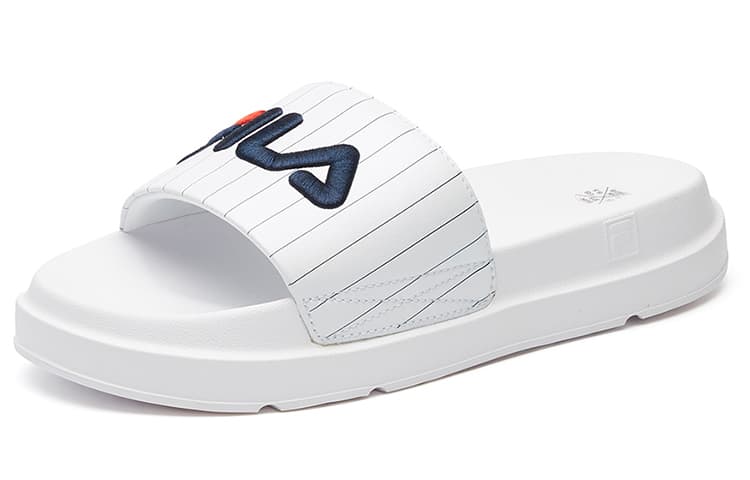 FILA Thick Sole White Slippers Women's 4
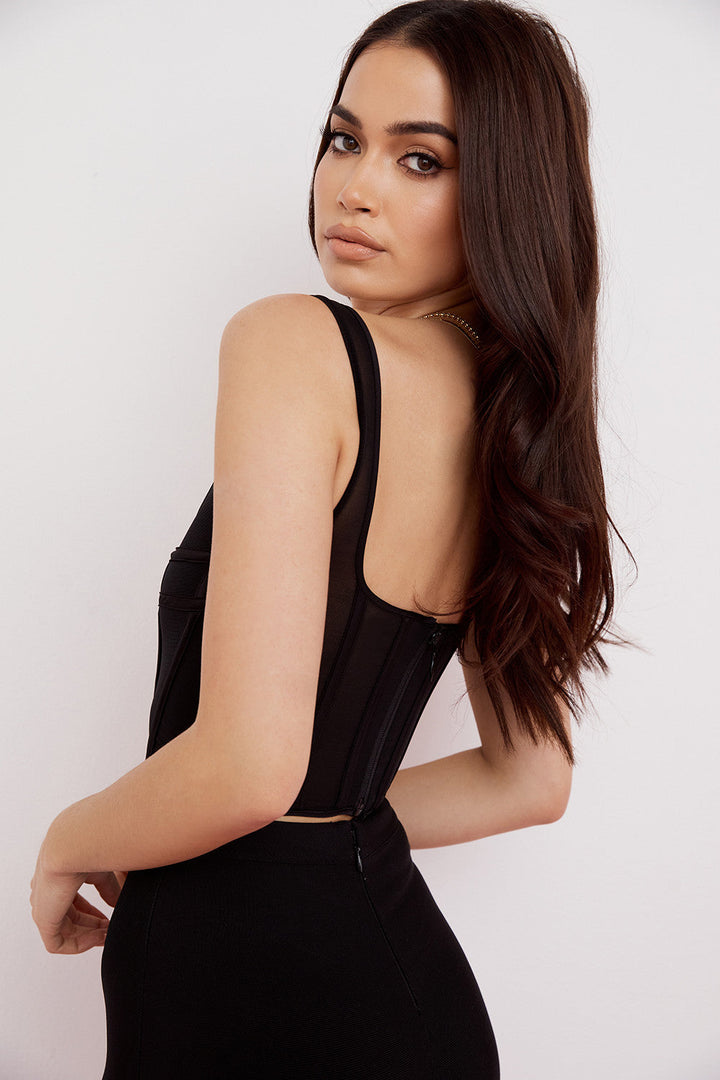 Stilla | Sort Mesh Korset Top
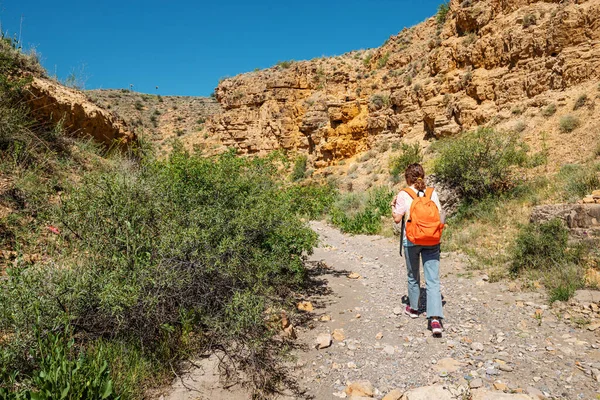 Una Mujer Con Una Mochila Camina Largo Sendero Cañón Desierto — Foto de Stock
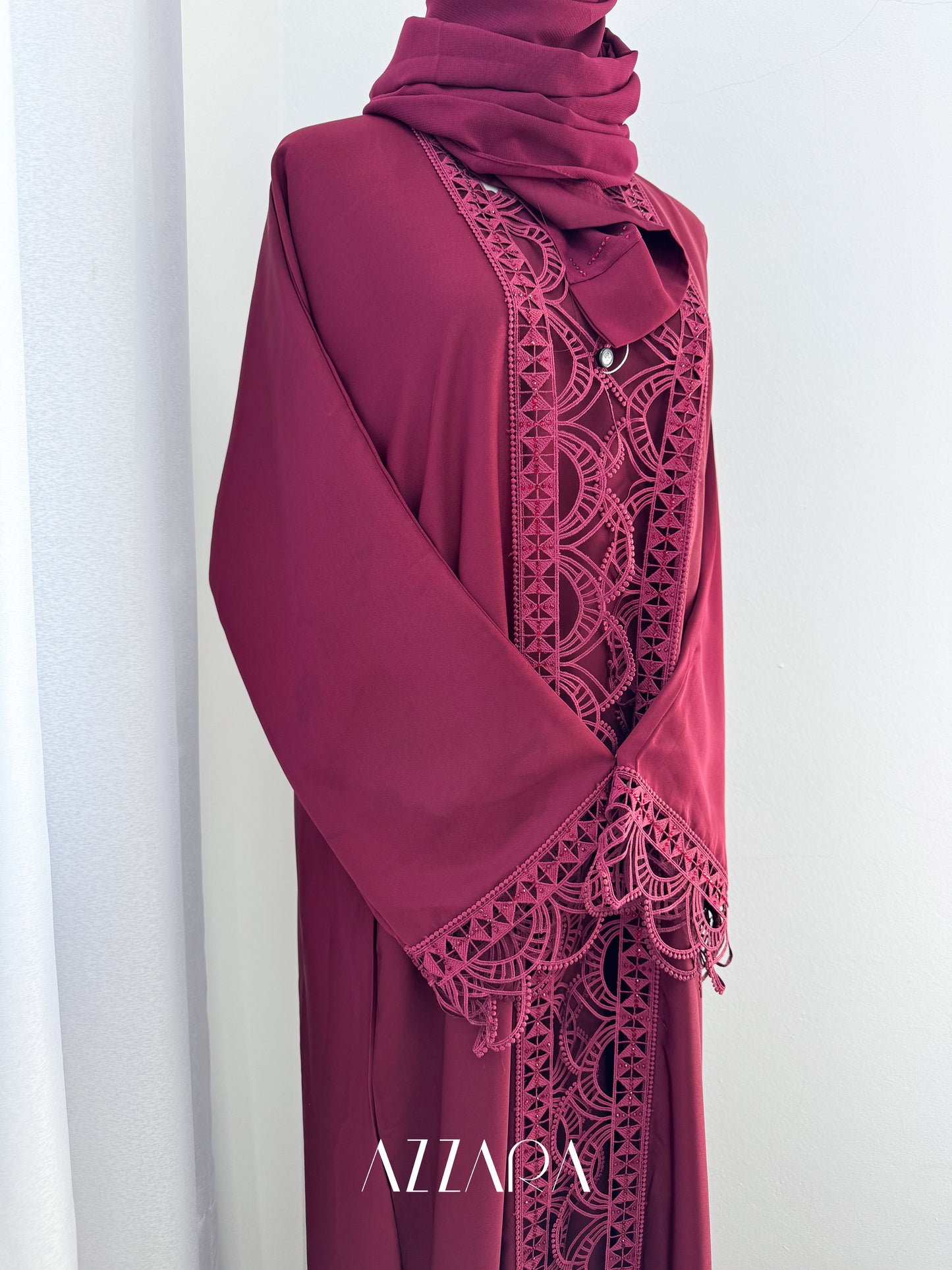 (G020) Syawal Abaya - Majestic Lace in Red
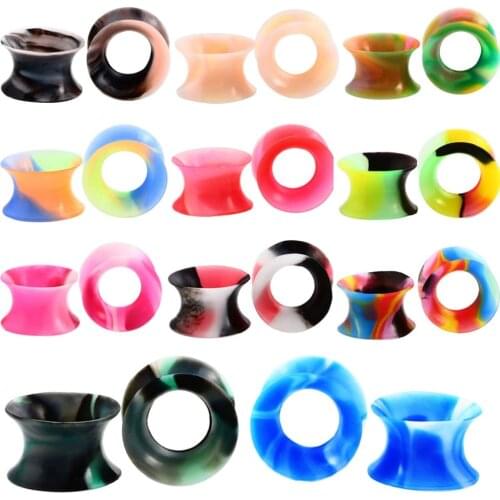 Alisouy wholesale 22pcs/lot Silicone Ear Piercings Flexible Ear Plugs and Tunnels Thin Gauge Ear Expander Earlets Body Jewelry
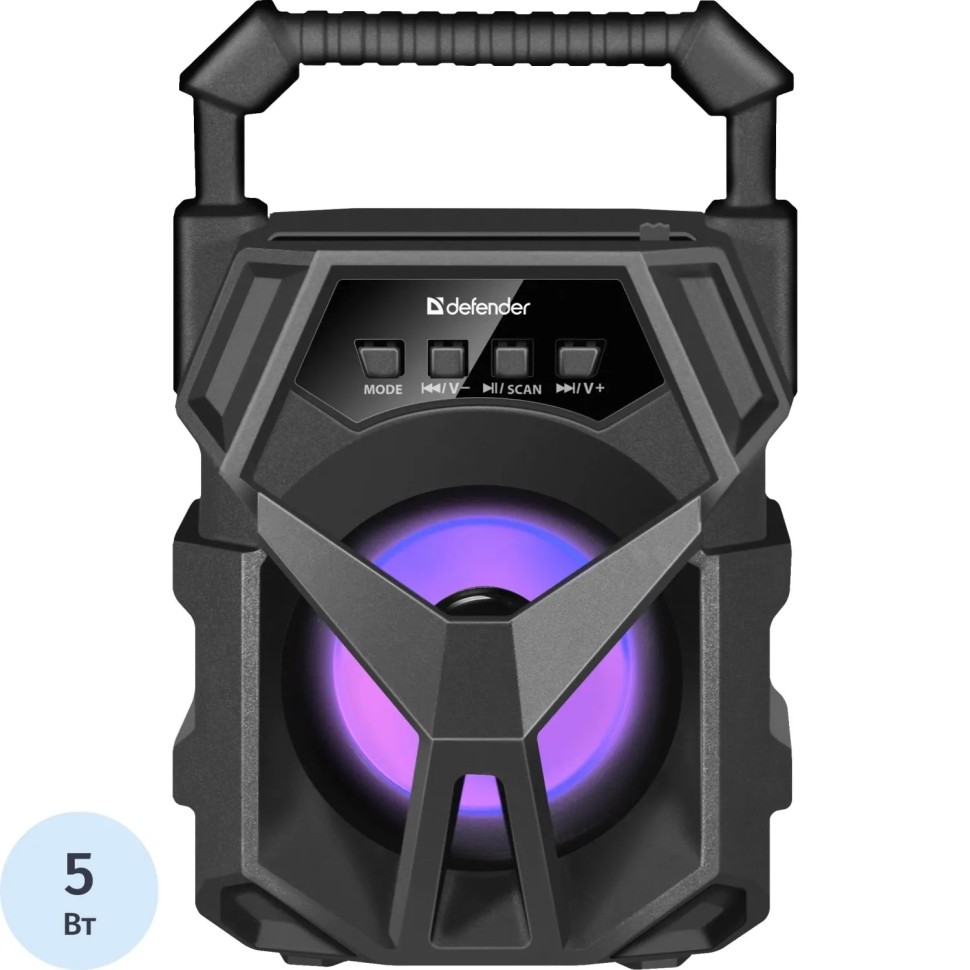 Акустическая система Defender G98 5Вт, Light/BT/FM/TF/USB/AUX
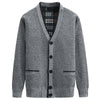 Men's elegant cardigan with V-neck and affectionate details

* * * * * * * * *

→ **What to produce**: Copy exactly and only this span: the line with "Alisouy wholesale 22pcs/lot" through the final line of the entries, both ends included, with the pictures left out.

→ **Result of the exercise**:
 Alisouy wholesale 22pcs/lot Silicone Ear Piercings Flexible Ear Plugs and Tunnels Thin Gauge Ear Expander Earlets Body Jewelry
 Акустическая система Defender G98 5Вт, Light/BT/FM/TF/USB/AUX
 Men's elegant cardigan with V-neck and affectionate details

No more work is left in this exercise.